* **Work to be completed**: In the records below, find the line containing "Wild Geese Rising". Output it and every line after it to the end, unchanged, with no pictures.

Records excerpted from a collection

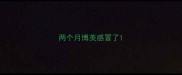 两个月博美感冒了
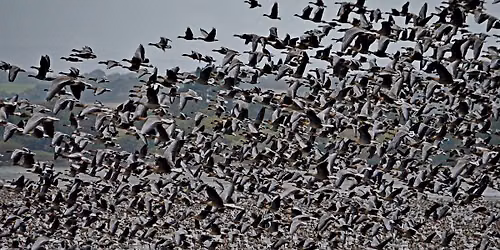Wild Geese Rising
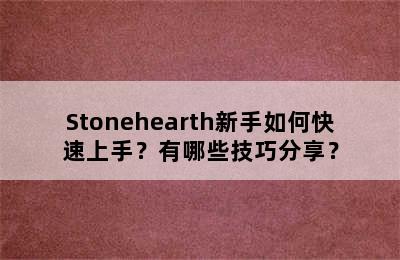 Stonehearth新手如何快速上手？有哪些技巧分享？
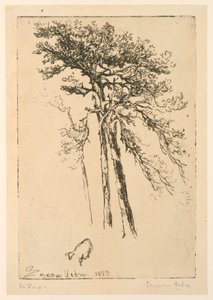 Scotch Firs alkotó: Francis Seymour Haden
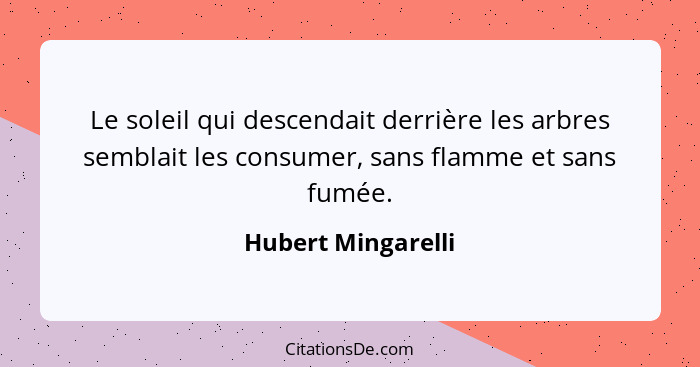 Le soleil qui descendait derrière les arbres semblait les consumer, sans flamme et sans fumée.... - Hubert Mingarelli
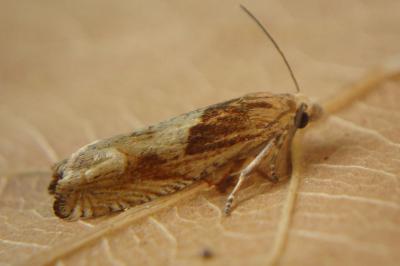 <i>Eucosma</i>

* **Answer to the exercise**:
Wild Geese Rising
 Stonehearth新手如何快速上手？有哪些技巧分享？
 Scotch Firs alkotó: Francis Seymour Haden
 Le soleil qui descendait derrière les arbres semblait les consumer, sans flamme et sans fumée.... - Hubert Mingarelli
 <i>Eucosma</i>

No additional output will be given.